= Bulway =

Aboriginal Australian people

The Buluwai are an indigenous Australian people of the state of Queensland.

==Country==
The Buluwai are a rainforest people of the Atherton Tableland, occupying, according to Norman Tindale, some 200 mi2 in the area east of Tolga, and extending on north to Kuranda, and in a south-westerly direction to Tinaroo. The Barron River formed their coastal limit.

==Language==
The Buluwai language was recorded by Norman Tindale in 1938 during the Harvard and Adelaide Universities Anthropological Expedition, Australia, 1938–1939.

==Oxycanus buluwandji==
Oxycanus buluwandji is a moth of the family Hepialidae, often referred to as swift moths or ghost moths. The family is considered primitive with at least 587 moths identified worldwide, including southern Gondwana distribution. Adult moths have greyish brown forewings each with a faint pale pattern. The hindwings are red shading to grey along the margins. The head and thorax have fawn patterns, and the abdomen is red. The wingspan is about 12 cms.

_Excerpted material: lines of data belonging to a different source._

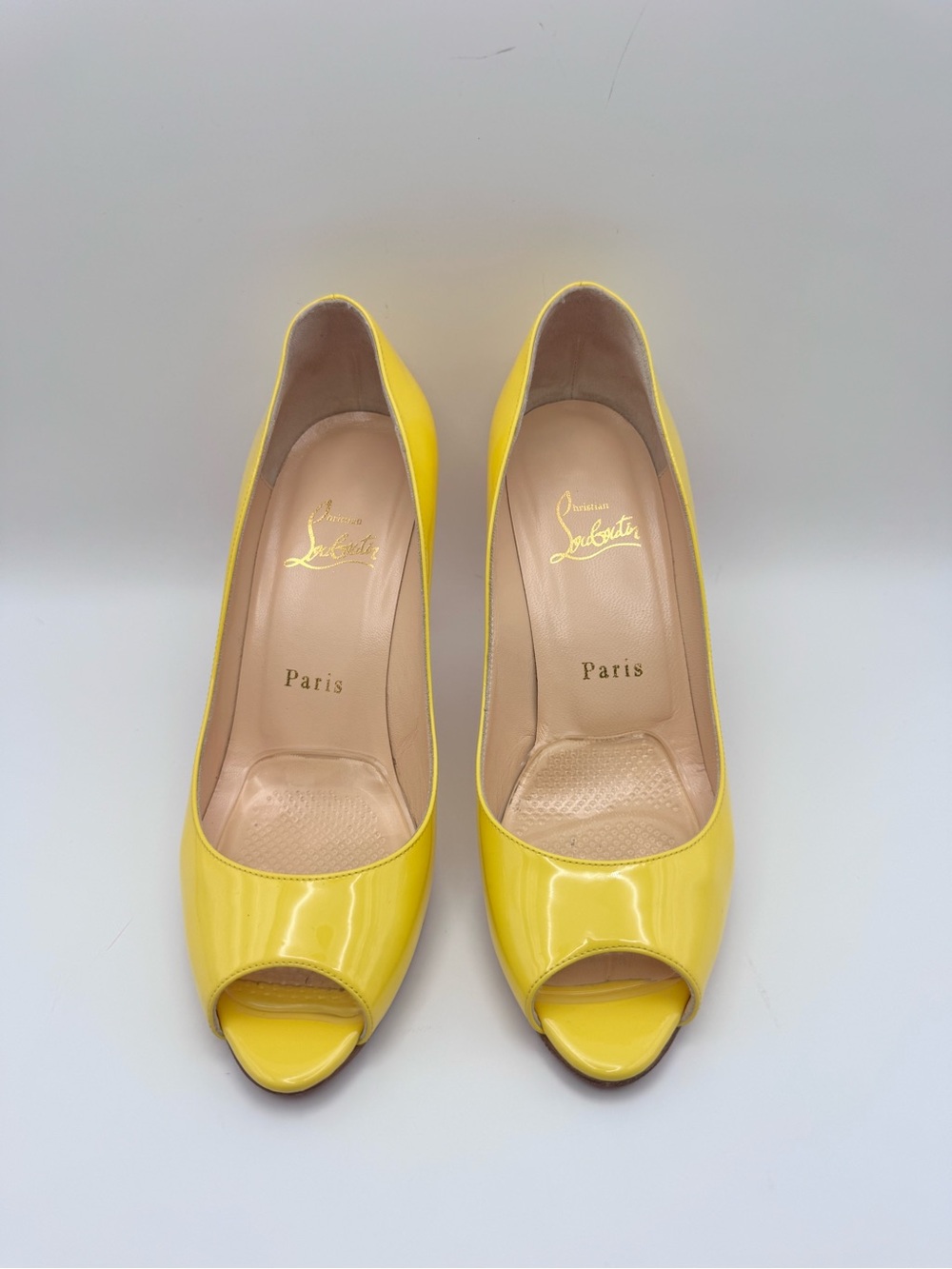 Christian Louboutin Yellow Patent Leather Peep Toe Pumps Heels Size 36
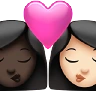 Kiss: Woman, Woman, Dark Skin Tone, Light Skin Tone Emoji 👩🏿‍❤️‍💋‍👩🏻 image - Apple style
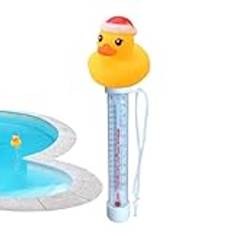 Pooltemperaturmätare Flytande Lättläst,Simbassängtemperaturmätare - Duck Kids Badtemperaturmätare Lättläst med snöre,Dammtemperaturmätare Flytande anka Vattentemperaturmätare för badtunna, spa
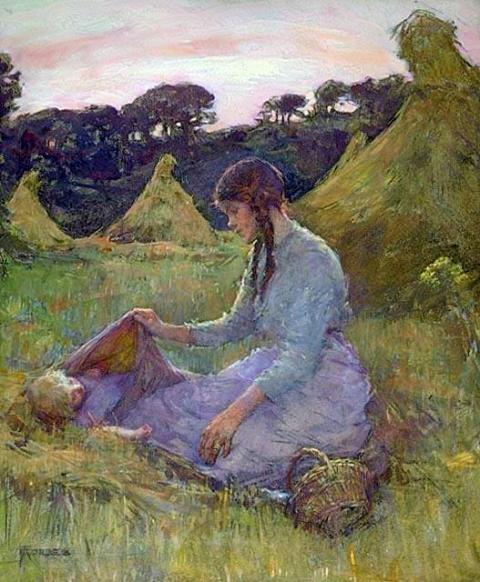 A Woman and Child in Hayfield, vintage artwork by Elizabeth Stanhope Forbes, 12x8" (A4) Poster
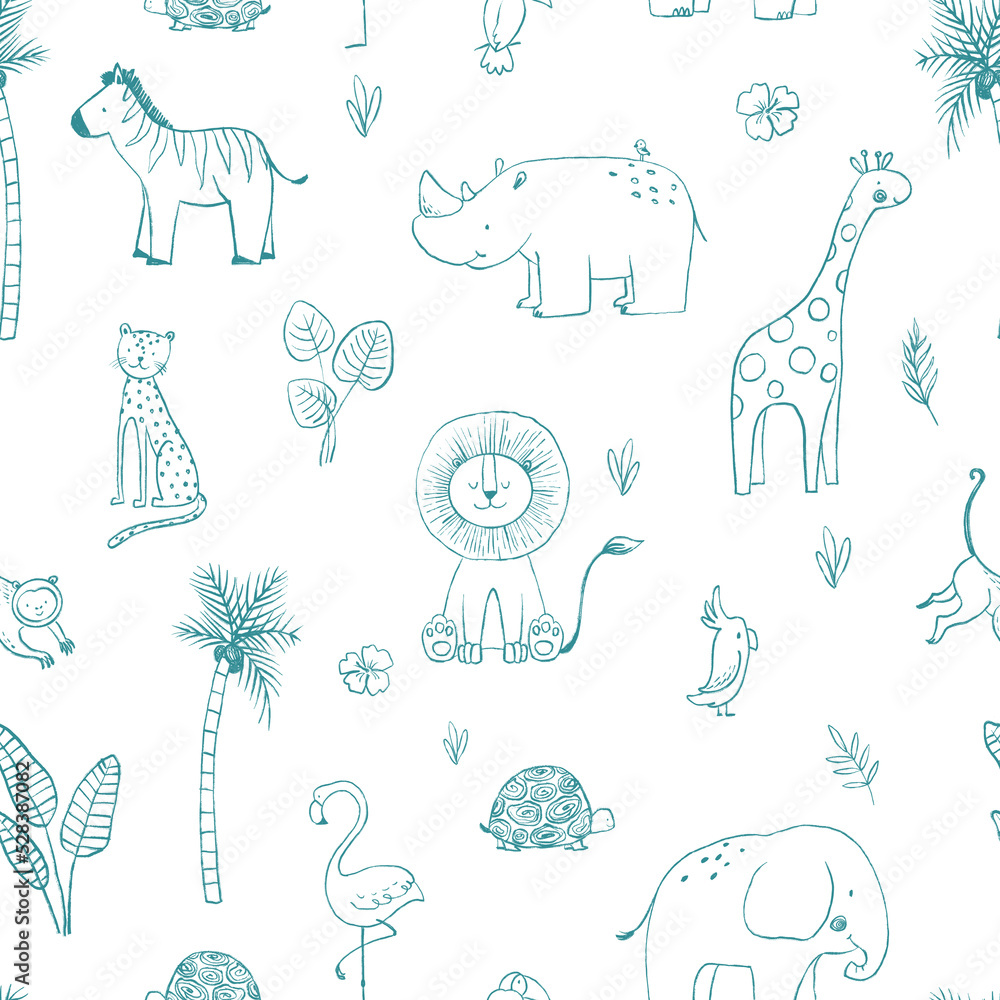 Beautiful seamless baby pattern with cute hand drawn safari elephant ...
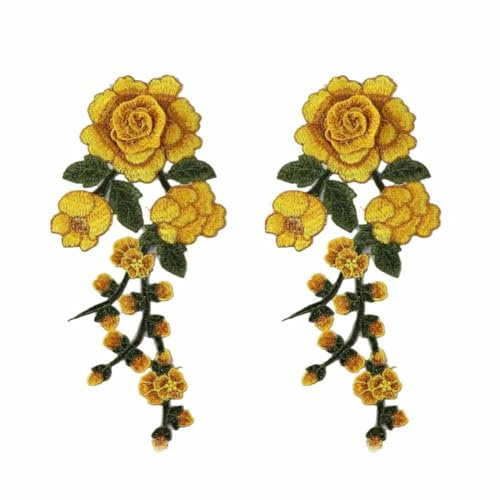 SHTGOI Stickerei-Blumen Applikation 2 Stück Retro Rose Blumen Patches zum Aufnähen Bestickte Bügelbild Aufnäher Blume Applique Kleidung Zubehör für DIY Nähen Cheongsam Kleidung Kleid Gelb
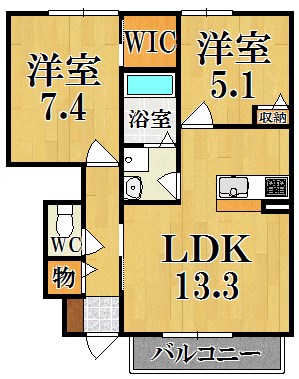 ファミールなかい 102号室 間取り
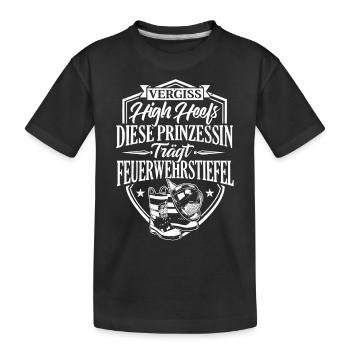 Feuerwehr Feuerwehrfrau lustig Geschenk Geburtstag - Kinder Premium Bio T-Shirt - Schwarz - Vorne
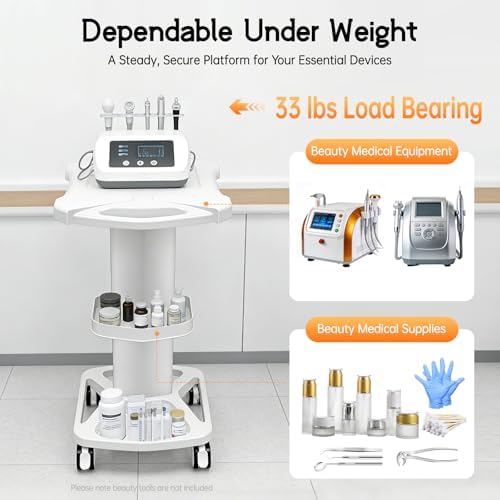 Salon Trolley Cart, 3-Tier Rolling Utility Stand, 15kg Capacity (White) - Image 6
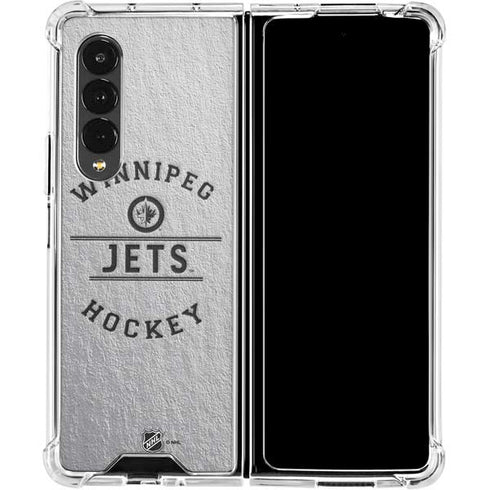 NHL Winnipeg Jets Black Text Galaxy Z Fold4 5G Clear Case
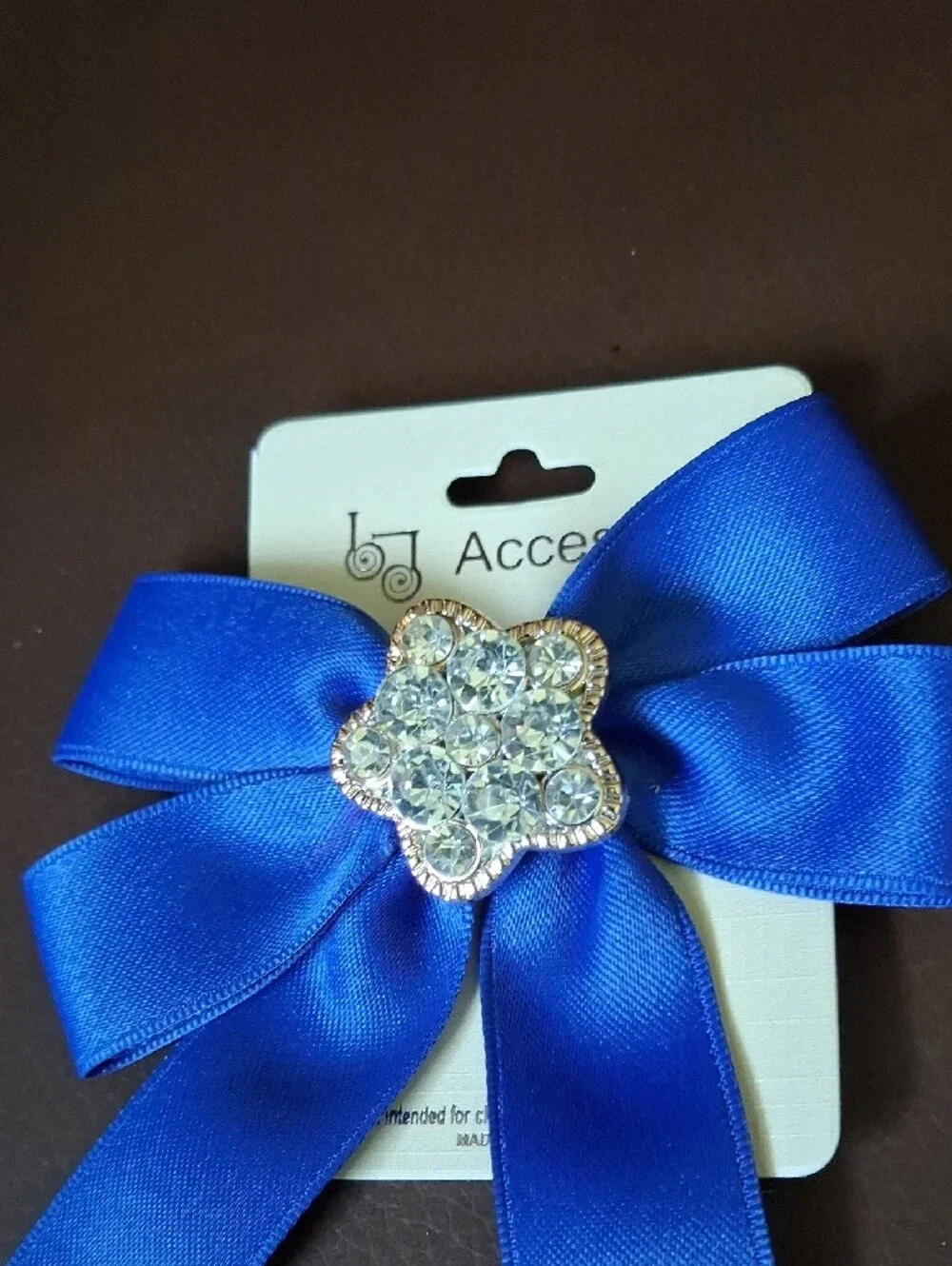 Cobalt Blue Satin Bow Brooch with Crystal Flower Center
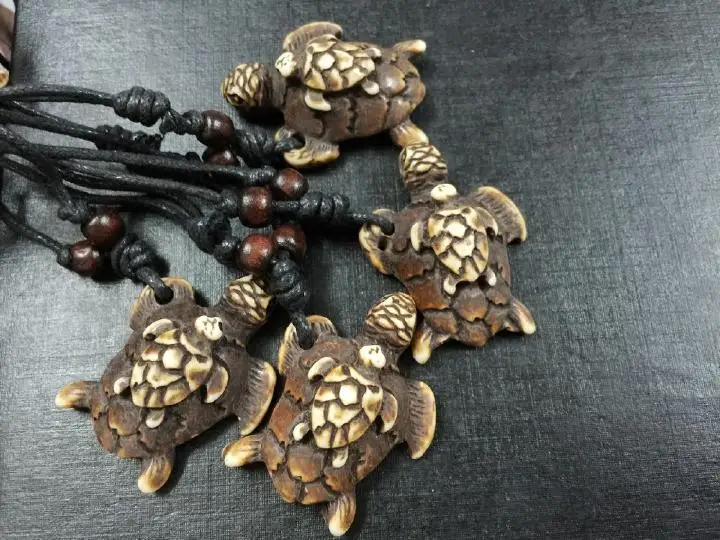 12pcs Black Wax Cotton Cord Bone Powder Double Tortoise Turtle Charms Surfer Necklace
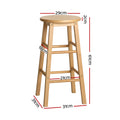 Artiss 2x Wooden Bar Stools Round Seat Natural Chair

Norman Tindale first described the Buluwandji ghost moth in 1964 and named it after the Buluwai people where the moth was found.

==History==
The Seventh-day Adventists established a mission on Buluwai lands in 1930 calling it Mona Mona Aboriginal Mission. According to contemporary Buluwai elder Willie Brim, the missionaries imposed a highly regimented 'Christian' way of life. The Mission was closed down in 1962.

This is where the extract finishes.